Promover o desenvolvimento das linhas estratégicas da política externa portuguesa nas suas distintas dimensões;

b)

[Anterior alínea a).]

c)

[Anterior alínea b).]

d)

[Anterior alínea c).]

e)

[Anterior alínea d).]

f)

[Anterior alínea e).]

g)

[Anterior alínea f).]

h)

[Anterior alínea g).]

i)

[Anterior alínea h).]

j)

[Anterior alínea i).]

k)

[Anterior alínea j).]

l)

...

m)

...

n)

...

o)

...

p)

...

q)

...

r)

...

s)

...

Artigo 3.º — [...]

1 - ...

2 - Junto do secretário-geral, que a eles preside, funcionam o Conselho Diplomático, o Conselho de Diretores-Gerais e o Conselho Coordenador Político-Diplomático.

3 - ...

Artigo 4.º — [...]

1 - ...

a)

...

b)

...

c)

Promover o desenvolvimento das linhas estratégicas da política externa portuguesa;

d)

[Anterior alínea c).]

e)

[Anterior alínea d).]

f)

[Anterior alínea e).]

g)

[Anterior alínea f).]

h)

[Anterior alínea g).]

i)

Convocar e presidir às reuniões do Conselho Diplomático, do Conselho dos Diretores-Gerais e do Conselho Coordenador Político-Diplomático.

j)

[Anterior alínea i).]

k)

[Anterior alínea j).]

l)

...

m)

...

2 - ...

3 - A competência para presidir à Comissão Nacional da UNESCO pode ser delegada noutro funcionário diplomático com a categoria de embaixador ou de ministro-plenipotenciário.»

Artigo 3.º — Aditamento ao Decreto Regulamentar n.º 10/2012, de 19 de janeiro

É aditado ao Decreto Regulamentar n.º 10/2012, de 19 de janeiro, o artigo 7.º-A, com a seguinte redação:

«Artigo 7.º-A

Conselho Coordenador Político-Diplomático

1 - O Conselho Coordenador Político-Diplomático tem por missão assistir, no exercício das respetivas funções de coordenação da atividade dos serviços do MNE, o secretário-geral, nos assuntos de natureza estratégica, e o diretor-geral de política externa, nos assuntos de natureza político-diplomática.

2 - Participam nas reuniões do Conselho Coordenador Político-Diplomático, além do secretário-geral:

a)

O diretor-geral de política externa;

b)

O diretor-geral dos assuntos europeus;

c)

O diretor-geral dos assuntos consulares e comunidades portuguesas;

d)

O presidente da AICEP, E. P. E.;

e)

O presidente do Camões - Instituto da Cooperação e da Língua, I. P.;

f)

Outros diretores-gerais do MNE, quando a sua presença seja necessária face à natureza das questões a analisar;

g)

Quaisquer outros funcionários, sempre que, em razão dos assuntos a discutir, sejam convocados pelo secretário-geral ou pelo diretor-geral de política externa.

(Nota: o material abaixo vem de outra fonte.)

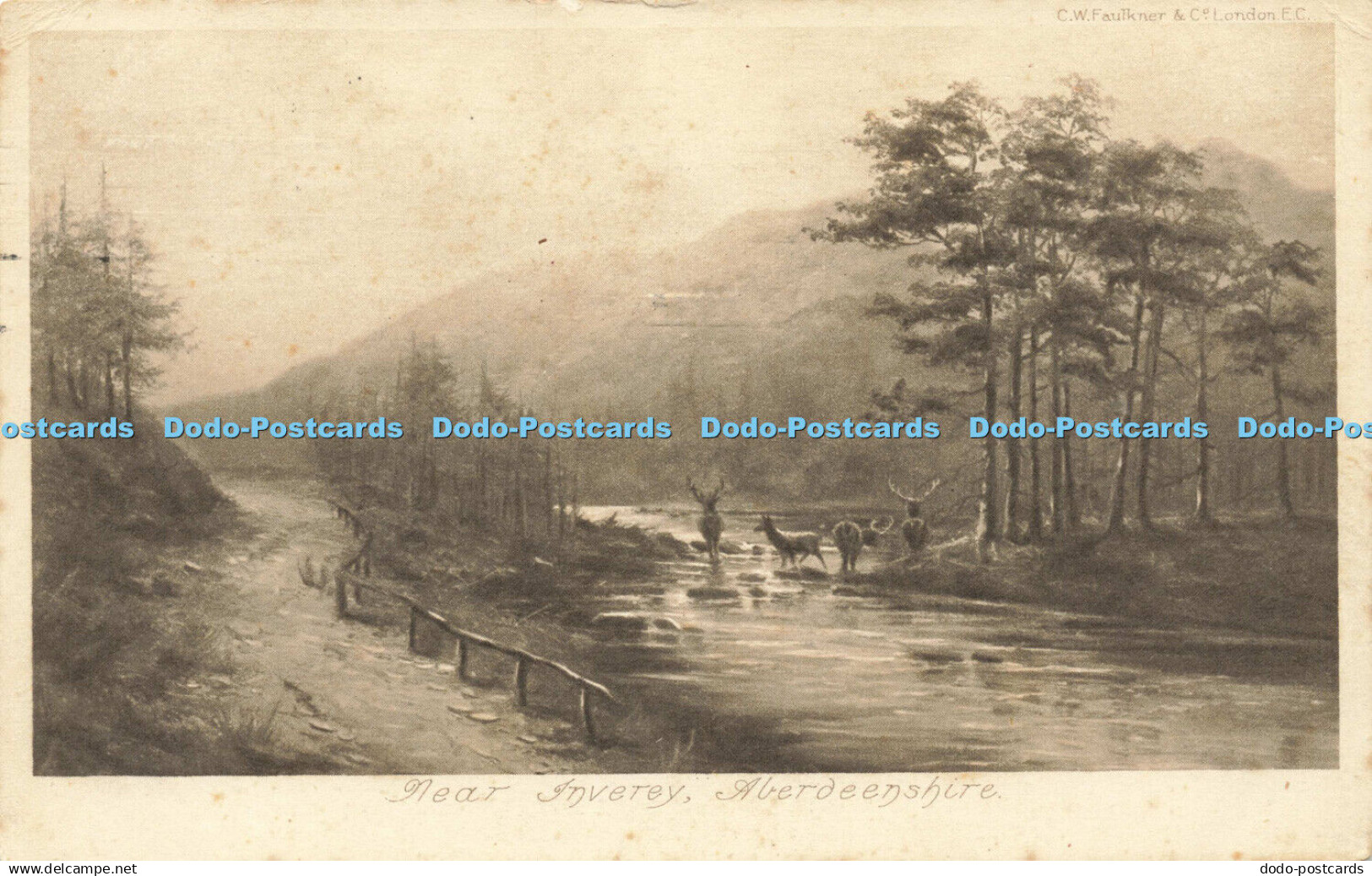 R598904 Aberdeenshire Near Inverey C W Faulkner 1905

3 - Na ausência ou impedimento do secretário-geral, ou em urgentes matérias político-diplomáticas, compete ao diretor-geral da DGPE convocar e assegurar a presidência do Conselho Coordenador Político-Diplomático.»

Artigo 4.º — Alteração ao Decreto Regulamentar n.º 11/2012, de 19 de janeiro

O artigo 4.º do Decreto Regulamentar n.º 11/2012, de 19 de janeiro, passa a ter a seguinte redação:

«Artigo 4.º

[...]

1 - ...

a)

...

b)

...

c)

...

d)

Convocar e presidir às reuniões do Conselho Coordenador Político Diplomático nas ausências ou impedimentos do secretário-geral, ou em urgentes matérias político-diplomáticas;

e)

...

f)

...

2 - ...»

Artigo 5.º — Norma revogatória

São revogados a alínea a) do n.º 2 do artigo 3.º e o artigo 5.º do Decreto Regulamentar n.º 11/2012, de 19 de janeiro.

Artigo 6.º — Entrada em vigor

O presente decreto regulamentar entra em vigor no dia seguinte ao da sua publicação.

Visto e aprovado em Conselho de Ministros de 11 de janeiro de 2018. - Augusto Ernesto Santos Silva - Augusto Ernesto Santos Silva - António Manuel Veiga dos Santos Mendonça Mendes - José Alberto de Azeredo Ferreira Lopes - Manuel de Herédia Caldeira Cabral.

Promulgado em 15 de janeiro de 2018.

Publique-se.

O Presidente da República, Marcelo Rebelo de Sousa.

Referendado em 22 de janeiro de 2018.

O Primeiro-Ministro, António Luís Santos da Costa.